我正在寻找一种方法来使用findAll按照它们在页面上显示的顺序获取两个标签。
Currently I have:
目前我有:
import requests
import BeautifulSoup
def get_soup(url):
request = requests.get(url)
page = request.text
soup = BeautifulSoup(page)
get_tags = soup.findAll('hr' and 'strong')
for each in get_tags:
print each
If I use that on a page with only 'em' or 'strong' in it then it will get me all of those tags, if I use on one with both it will get 'strong' tags.
如果我在一个只有'em'或'strong'的页面上使用它,那么它将为我提供所有这些标签,如果我在两者上使用它将获得'强'标签。
Is there a way to do this? My main concern is preserving the order in which the tags are found.
有没有办法做到这一点?我主要关注的是保留标签的查找顺序。
2 个解决方案
#1
55
You could pass a list, to find either hr
or strong
tags:
您可以传递一个列表,以查找hr或strong标记:
tags = soup.find_all(['hr', 'strong'])
#2
4
Use regular expressions:
使用正则表达式:
import re
get_tags = soup.findAll(re.compile(r'(hr|strong)'))
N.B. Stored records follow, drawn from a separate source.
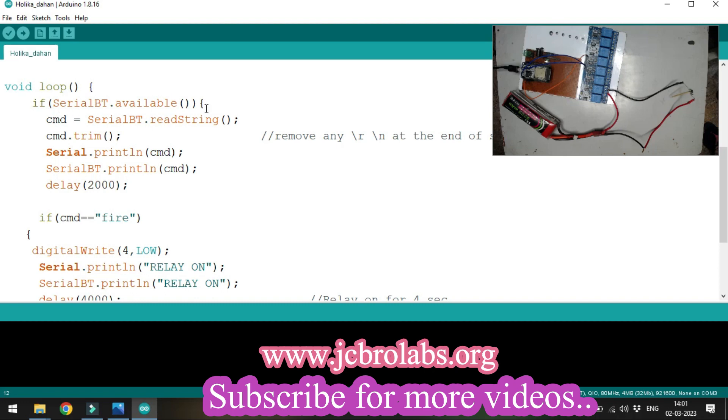As soon as there's data available, we send a command. We read that particular string and store the command into cmd variable.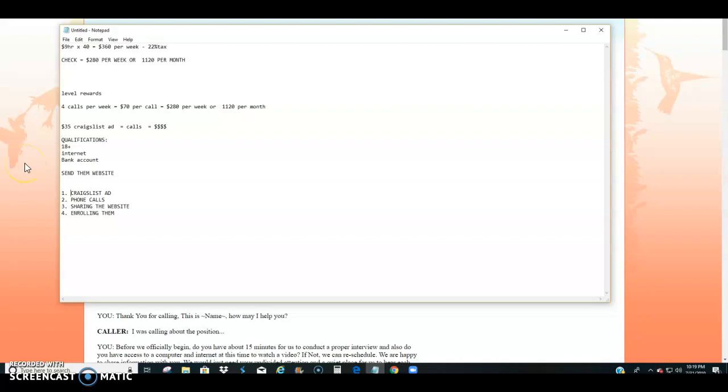Alright guys, so what I'm going to do is I'm going to break down working a 9-to-5 versus working with level rewards and the income potential between the two.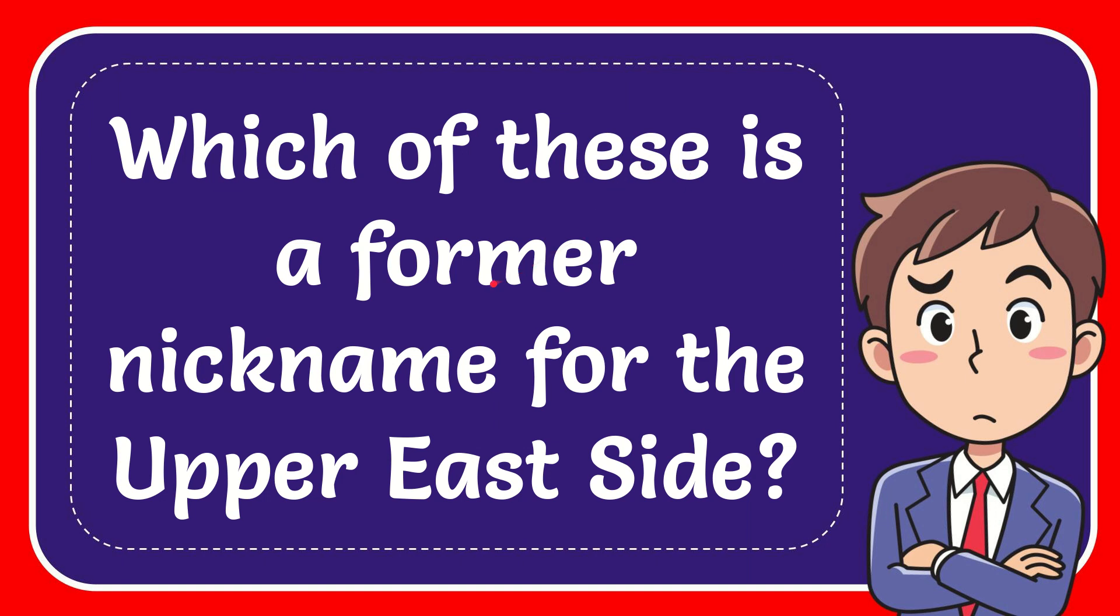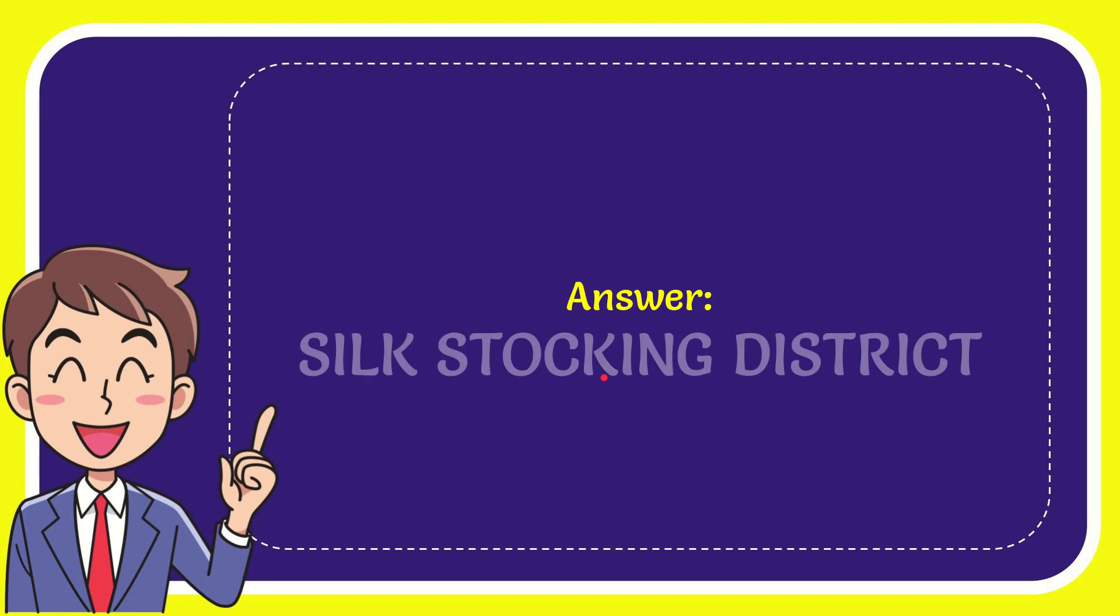In this video, I'm going to give you the answer for this question. The question is: which of these is a former nickname for the Upper East Side? Now I'll give you the answer, and the correct answer is Silk Stocking District.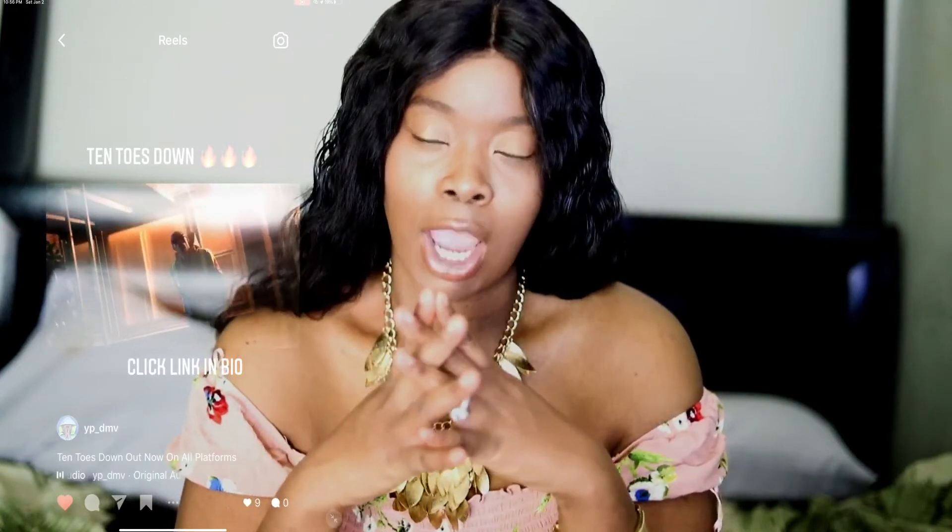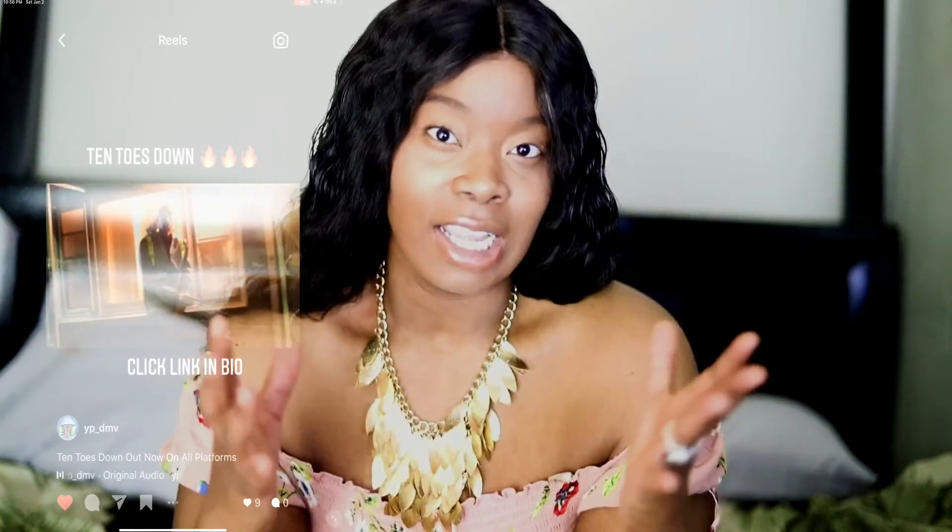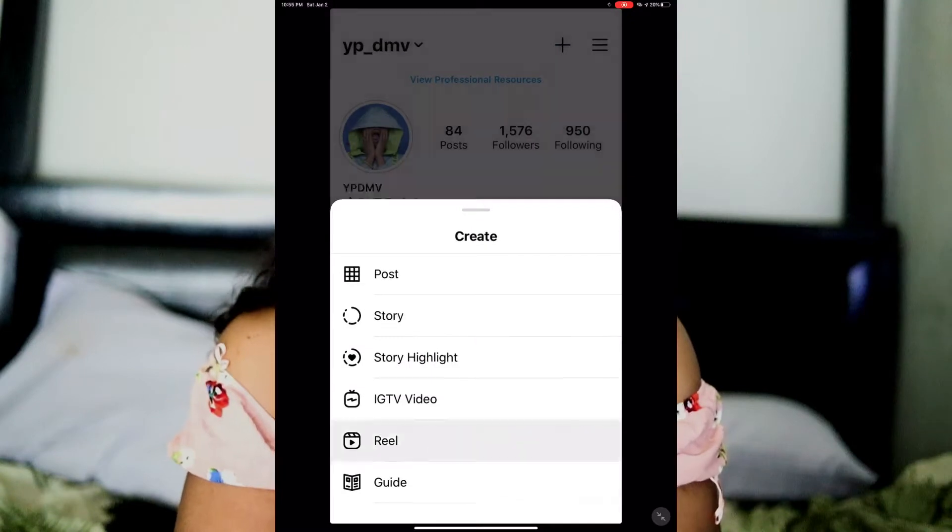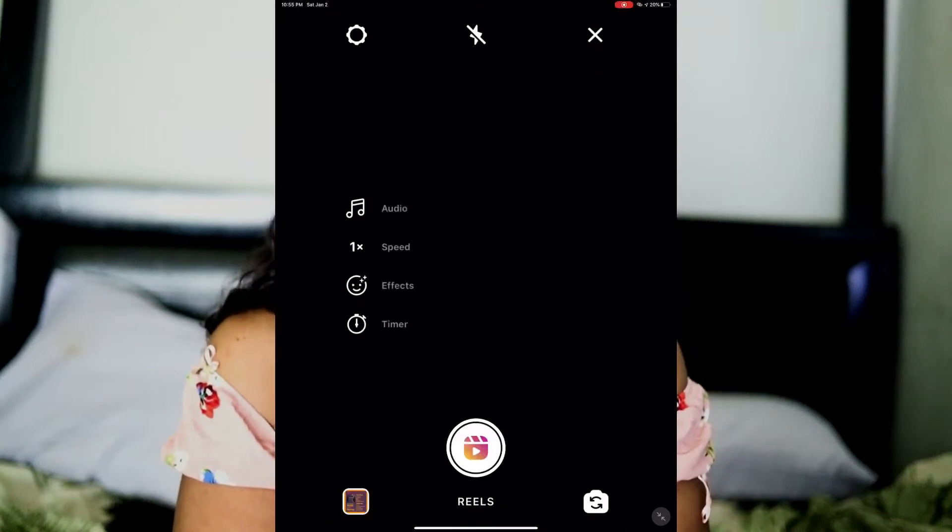Instagram now has Instagram Reels, which allows you to be discovered by a new audience — it could be up to five people or up to a million people. If you have an Instagram, you can put a single on your Reels. Another great free way to get people to stream your music is to come up with a TikTok dance.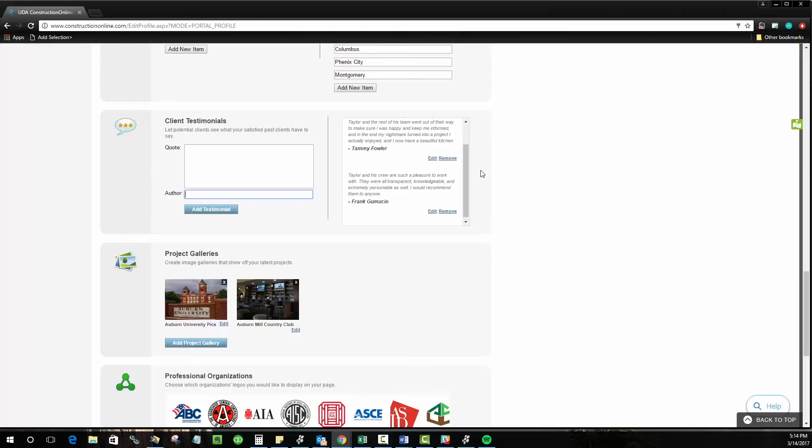The project galleries are kind of the same thing just a little more visual element. It lets people see the work that you've done especially if you do some really nice custom homes or some beautiful commercial buildings. This is a great way to just show off your work.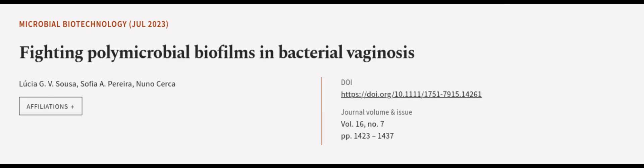This article was authored by Lucia G. V. Sousa, Sophia A. Pereira, and Nuno Cerca. We are article.tv, links in the description below.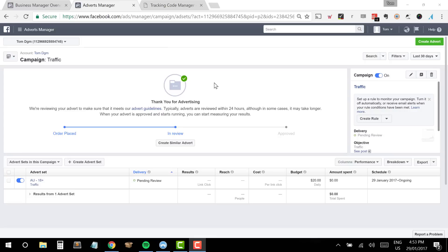Hey everybody, it's Tom. Today I want to take you through a super simple way of being able to install the Facebook Pixel across your website so that you're able to run really effective retargeting campaigns across Facebook's advertising network, create lookalike audiences so you can reach people very similar to those who are part of your Facebook Pixel audience, and track conversions directly within the Facebook advertising infrastructure. We're going to install this today on WordPress, but it's a very similar installation no matter if you're using Wix, Shopify, Squarespace, or something else.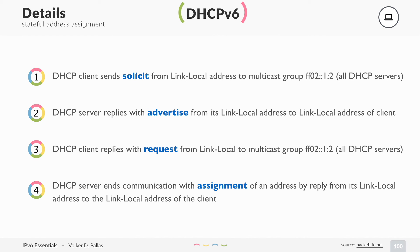Let's look at the DHCPv6 process steps when not using SLAAC but getting an IP address from DHCP. Your client boots up, generates a link-local address, and sends a solicit message to the multicast group 'all DHCP servers.' All DHCP servers reply with an advertise message sourced from their link-local address to the client's link-local address. The client then sends a request for the assigned address back to the multicast group 'all DHCP servers,' and the DHCP server sends the final address assignment from its link-local address to the client's link-local address.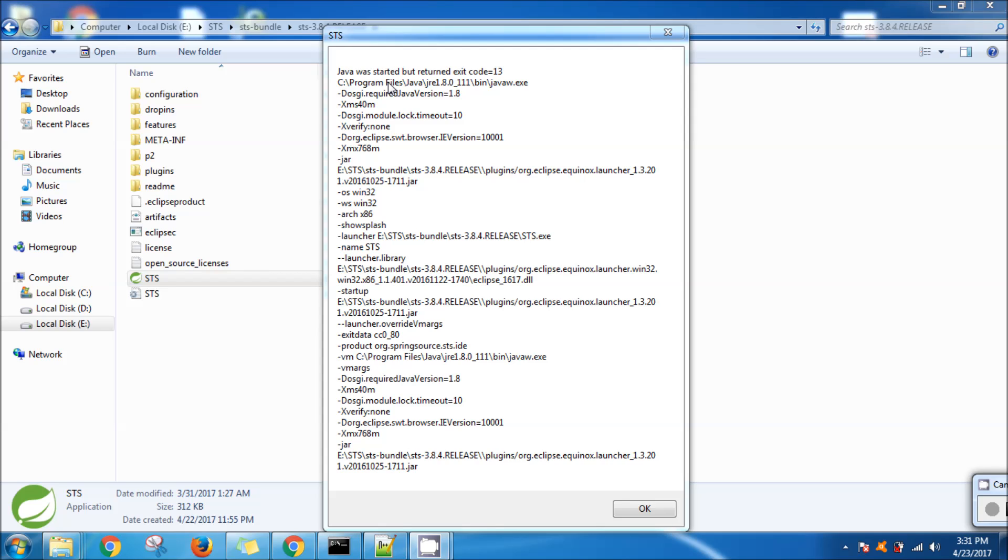The issue was that I downloaded Spring Tool Suite Eclipse, which is 32-bit, but my system is 64-bit. So I'll just show you how this mistake happens.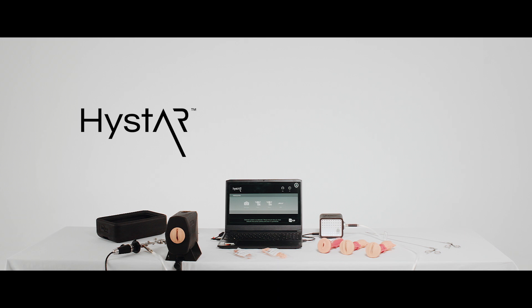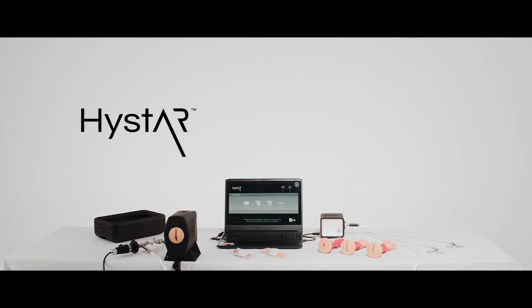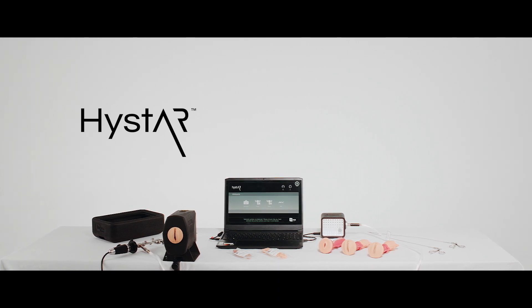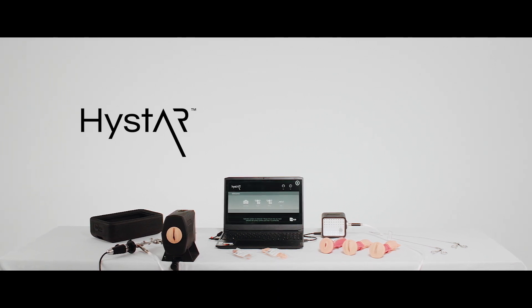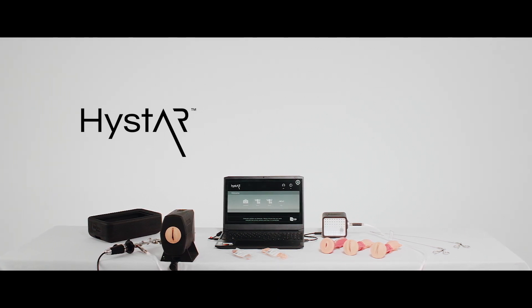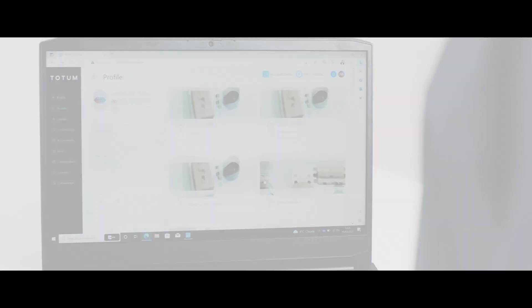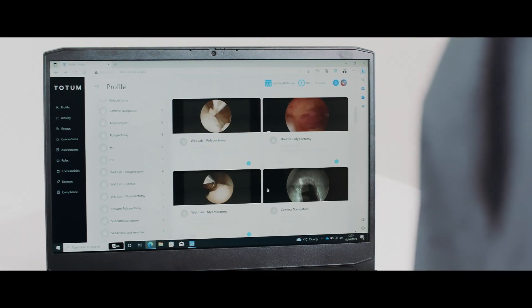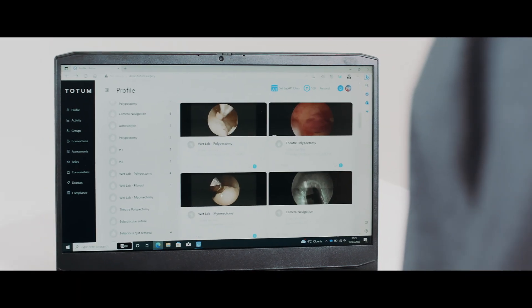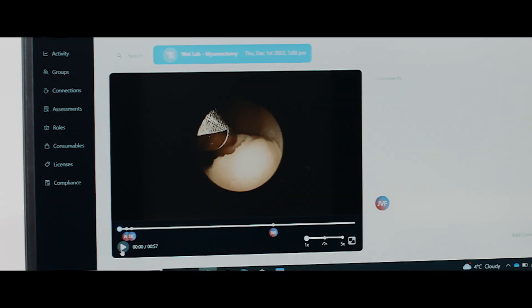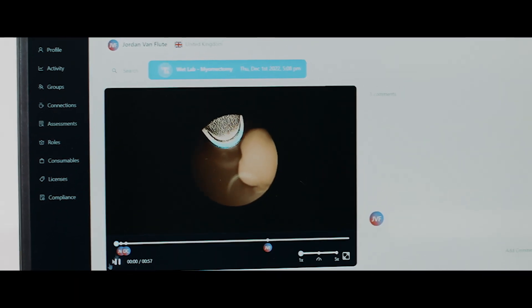The HIST-AR is our solution to democratizing high-fidelity hysteroscopy simulation training. Harnessing the power of Totem, the surgeon can use their laptop to power the HIST-AR package whilst capturing performance metrics and video to upload to their profile.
The expression r'(hr|strong)'
will find either hr
tags or strong
tags.
表达式r'(hr | strong)'将找到hr标签或强标签。
#1
55
You could pass a list, to find either hr
or strong
tags:
您可以传递一个列表,以查找hr或strong标记:
tags = soup.find_all(['hr', 'strong'])
#2
4
Use regular expressions:
使用正则表达式:
import re
get_tags = soup.findAll(re.compile(r'(hr|strong)'))
The expression r'(hr|strong)'
will find either hr
tags or strong
tags.
表达式r'(hr | strong)'将找到hr标签或强标签。